Opportunities for artists and nonprofits

Part II: GRANT AGGREGATORS AND PUBLICATION

So, as we know, actually doing projects and making partnerships takes resources. And then getting the work you’ve done out to a large audience takes even more resources. And finding those resources, publication opportunities and exhibition opportunities is a challenge. I have yet to find the definitive artist-opportunity aggregator, but I’m searching hard, and  I have found a few grant/call aggregators that I think are terrific.

Grant Aggregators

1. The best of them are all at the state level, so I suggest finding your state arts organization’s website. I’ve looked at California’s—the California Arts Council—and Arizona’s—the Arizona Commission on the Arts—and they are both terrific.

2. The New York Foundation for the Arts lists national grants and calls for work. They have a searchable database and lots of other resources on their site. This is an excellent resource.

3. Then there is Call for Entry, a site that aggregates opportunities for the Western States. It posts a lot of hyper-local opportunities that you have to wade through to find what’s relevant, but it also has a lot of content and a streamlined application system so that you can upload images only once and then use them to apply to multiple opportunities. (Hey grantosphere—we need more of this! More streamlining of applications!! How can I possibly work to support myself, and make my art, and apply for dozens of different grants with different applications all at the same time? I can’t! It makes me terribly cranky!)

4. And there is the Foundation Center, the go-to source for nonprofits that lists some arts grants as well. They have a lot of different support services, including a massive database of foundations that is accessible via the web, for a subscription fee, or for free via a “cooperating collection” (click here to find the one nearest you).

Publication Opportunities

There is also the issue of getting your work out there so that you have an audience…and also so that you can build the credibility to make you a better candidate to receive grants. I am still hunting for more of these kinds of opportunities, but a few whose tone I appreciate are below.

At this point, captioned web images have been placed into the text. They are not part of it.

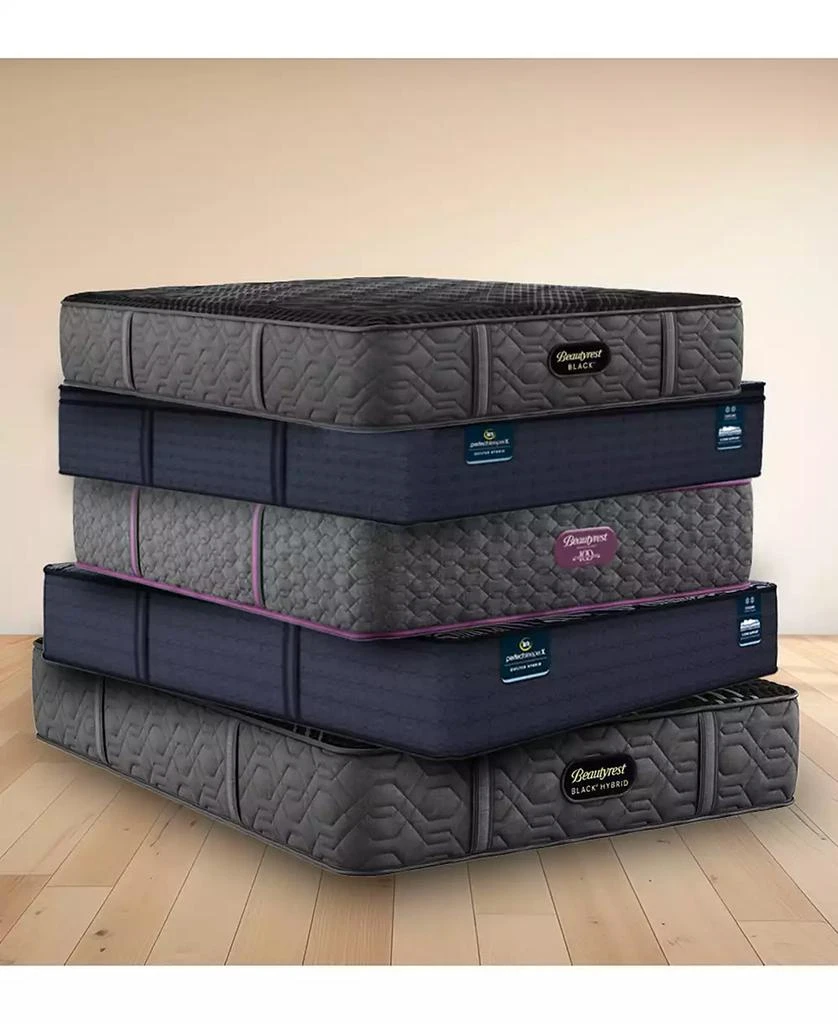 Hybrid Series Four 16" Firm Apex Pillow Top Mattress - 商品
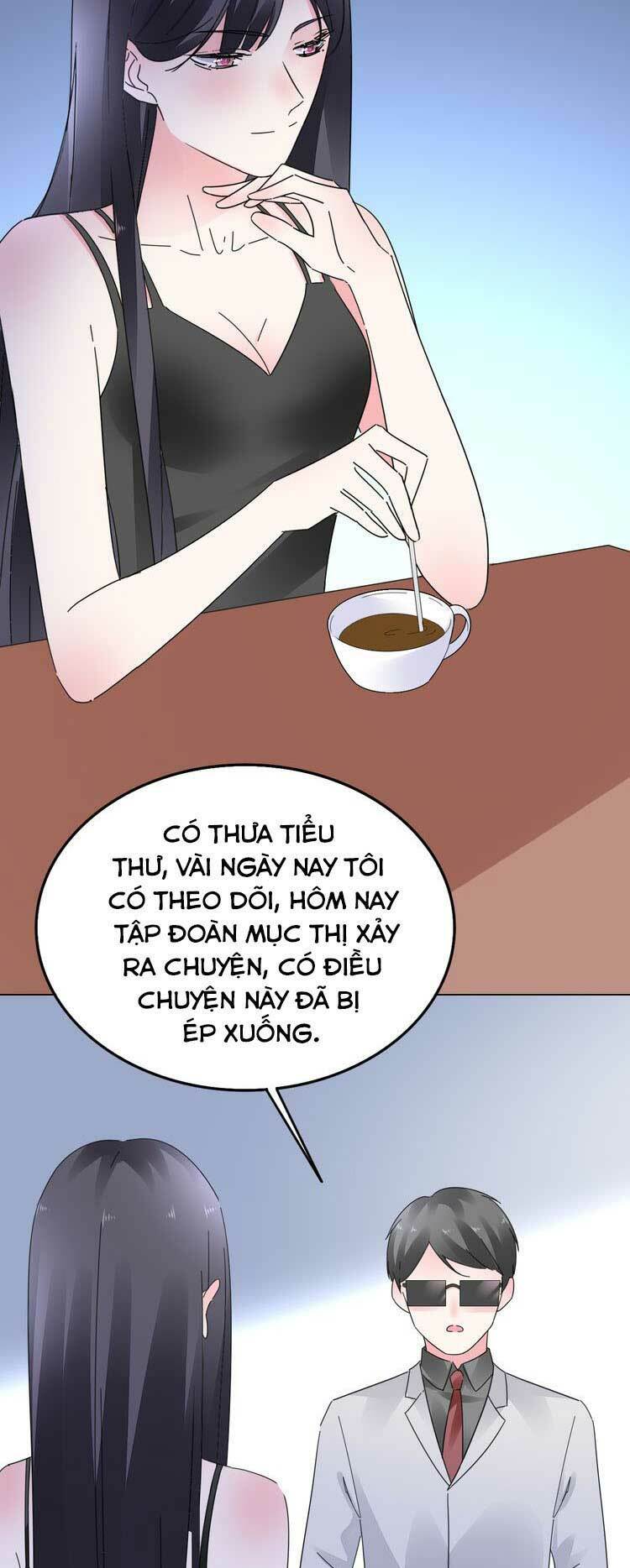 Điều Ước Sủng Ái Bất Bình Đẳng: Chapter 37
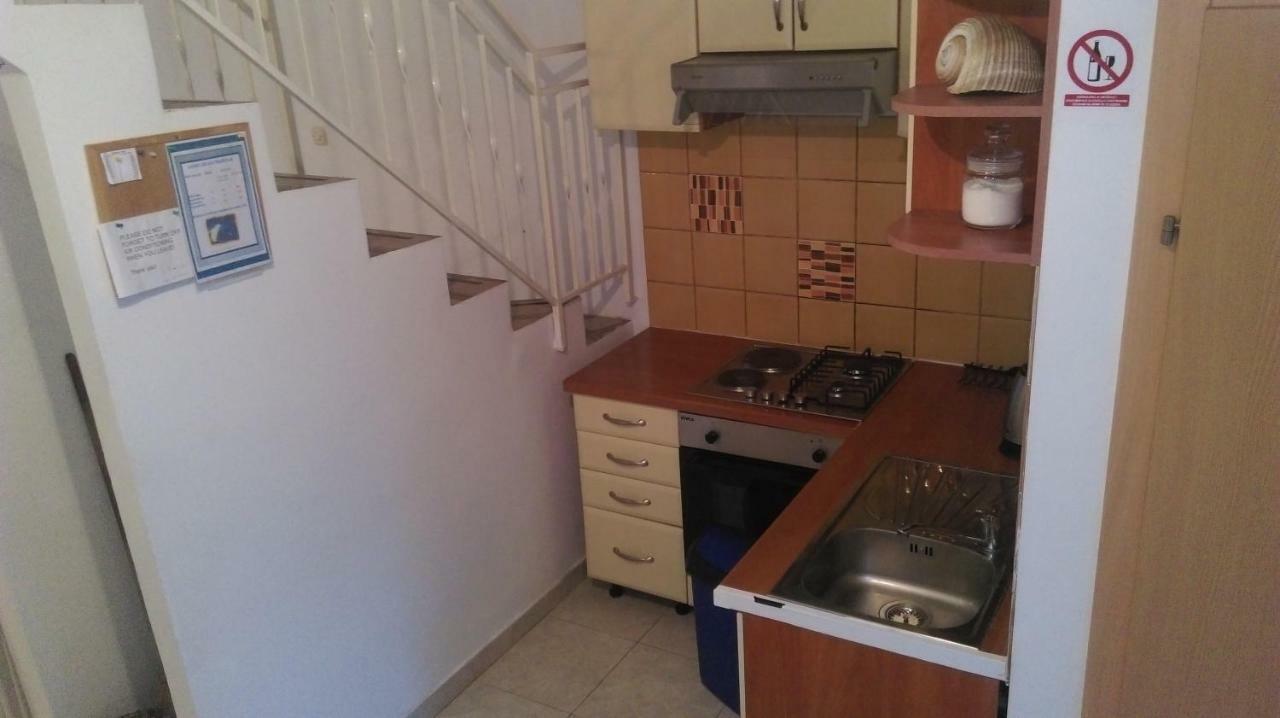 Apartman Restovic Bol Exterior photo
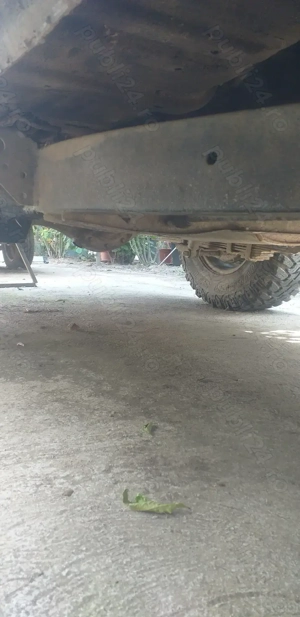 Vand daihastu feroza 4x4 - imagine 9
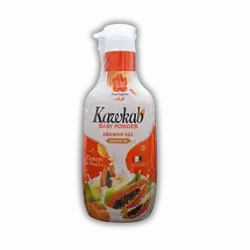 Kawkab Shampoo 800 ml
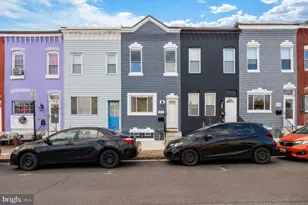 451 W 24th St, Baltimore, MD 21211 - Photo 3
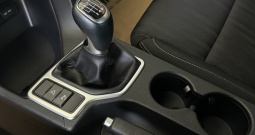 Sportage 1.6 GDI Edition M/T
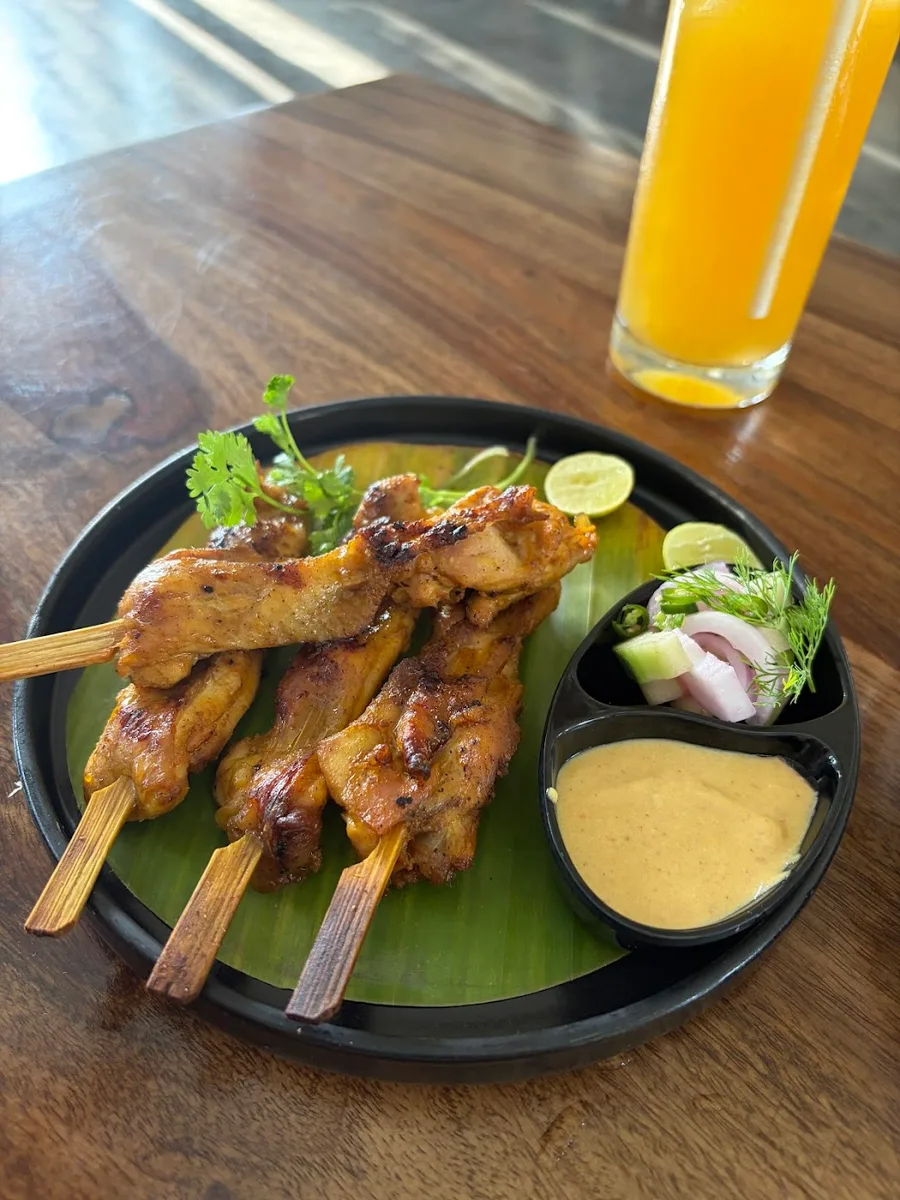 Harvest Cafe x Kitchen - photo 3
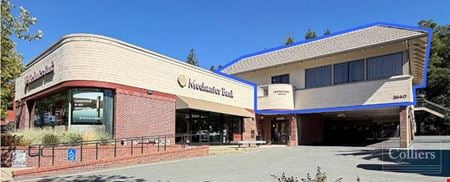 Office space for Rent at 3640 Mount Diablo Blvd in Lafayette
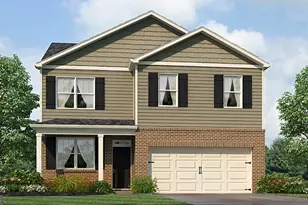 203 Glenrise Ln, Dallas, GA 30157 - Photo 1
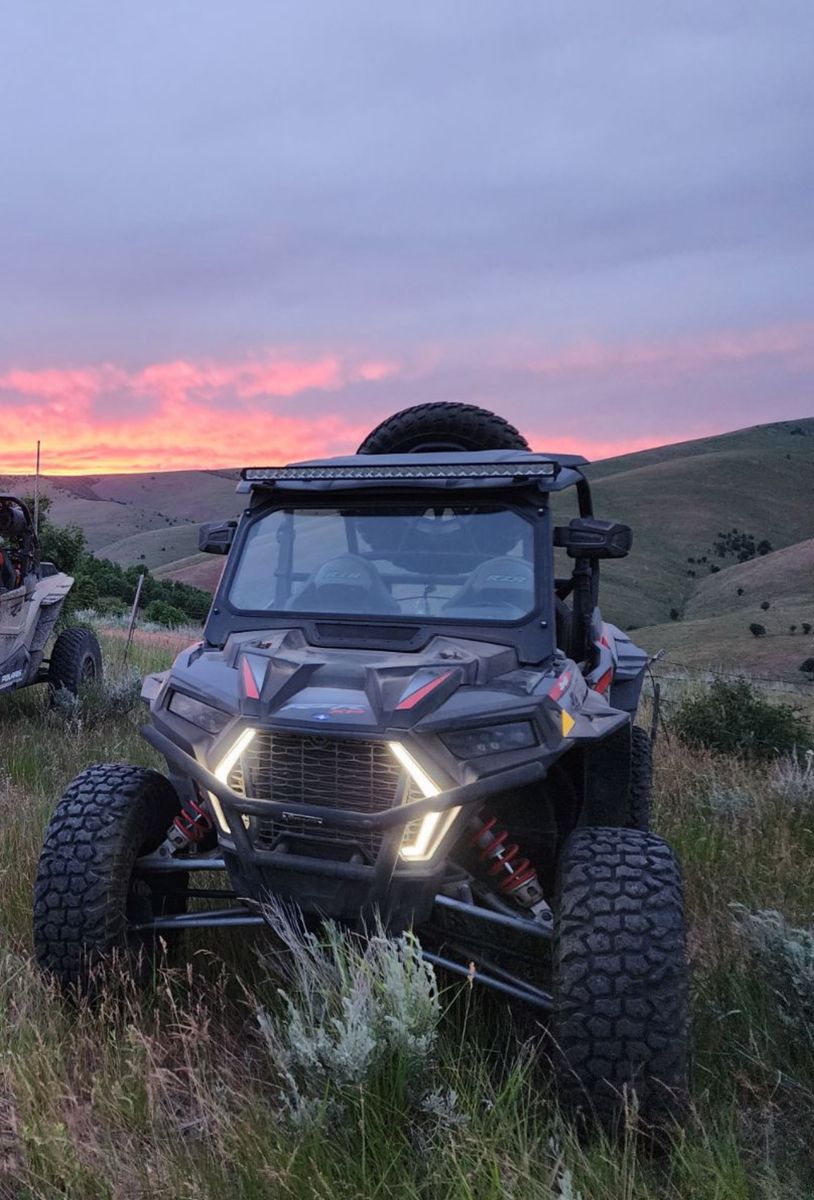2019 Polaris RZR XP 1000 - 2 Seater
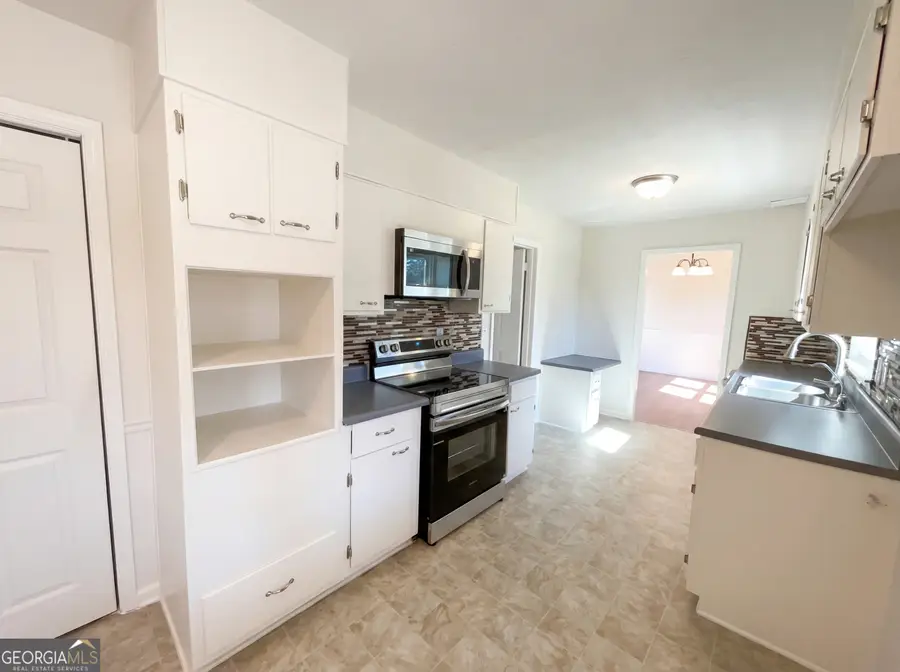 2289 Country Club Drive Se, Conyers, GA 30013 - #2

1. Jen Bekman is an arts entrepreneur whom I admire very much (I recommend following her on twitter; @jenbee). She has a lot of great things going on which I will mention in future posts, but one of her projects is the blog Hey, Hot Shot! which, like PhotoPhilanthropy, posts and discusses the work of many photographers who submit themselves for support. Here is a longer description of what it is and how to apply.

Kipp Wettstein via Hey, Hot Shot!

2. The Aperture Foundation has the “portfolio prize,” with the added bonus of using the grant process as a way to scout for book proposals. When you submit a portfolio, it gets looked at by the editors of Aperture books, which makes the application worth your while, even if you don’t win the prize.

3. Photo Lucida’s Critical Mass competition is similar—only this time the prize is the book publication. The organization seeks to build community at the same time by distributing the book they end up creating to all applicants (a project subsidized by the hefty entry fee of around $75). Updates for the competition are available on their blog.

4. There is also an organization called the Magenta Foundation: Publishing for the Arts, that has just launched the Flash Forward Festival to promote and exhibit emerging photographers in Canada, the U.S. and the UK. In the past they have also published books. Submissions now being accepted for 2010. Deadline: Dec 31, 2009.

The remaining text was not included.